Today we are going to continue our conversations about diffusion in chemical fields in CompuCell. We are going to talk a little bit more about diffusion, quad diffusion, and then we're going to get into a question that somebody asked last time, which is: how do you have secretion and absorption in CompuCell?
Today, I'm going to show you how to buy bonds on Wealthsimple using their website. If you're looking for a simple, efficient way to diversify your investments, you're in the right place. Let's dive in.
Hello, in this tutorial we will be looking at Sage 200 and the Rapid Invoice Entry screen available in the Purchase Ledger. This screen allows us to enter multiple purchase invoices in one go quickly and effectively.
==
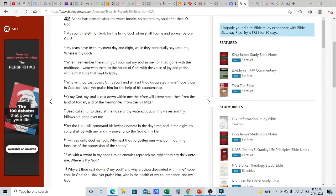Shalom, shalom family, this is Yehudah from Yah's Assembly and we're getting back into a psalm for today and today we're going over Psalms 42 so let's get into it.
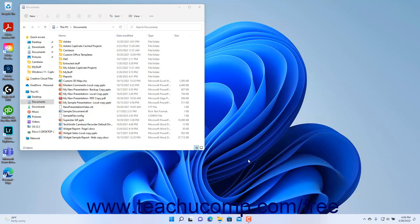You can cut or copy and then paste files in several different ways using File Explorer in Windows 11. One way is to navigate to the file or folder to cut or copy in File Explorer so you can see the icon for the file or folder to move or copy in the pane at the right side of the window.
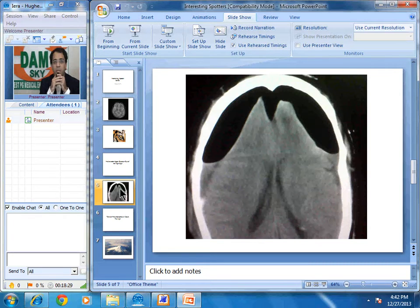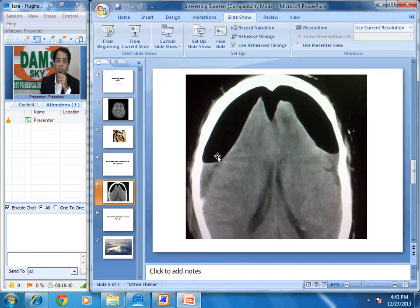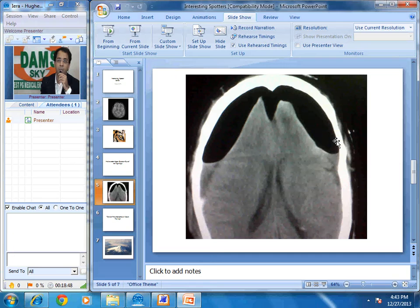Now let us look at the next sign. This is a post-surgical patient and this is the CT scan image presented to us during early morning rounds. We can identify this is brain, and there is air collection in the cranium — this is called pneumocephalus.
---
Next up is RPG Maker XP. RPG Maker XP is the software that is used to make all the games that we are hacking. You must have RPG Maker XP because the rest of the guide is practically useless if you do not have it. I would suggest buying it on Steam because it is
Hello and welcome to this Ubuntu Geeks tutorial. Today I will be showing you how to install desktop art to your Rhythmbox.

§ **WHAT YOU HAVE TO DO**: Pull from the data each line where the string "tutorial" turns up.

§ **SOLUTION TO THIS TASK**:
Hello, in this tutorial we will be looking at Sage 200 and the Rapid Invoice Entry screen available in the Purchase Ledger. This screen allows us to enter multiple purchase invoices in one go quickly and effectively.
Hello and welcome to this Ubuntu Geeks tutorial. Today I will be showing you how to install desktop art to your Rhythmbox.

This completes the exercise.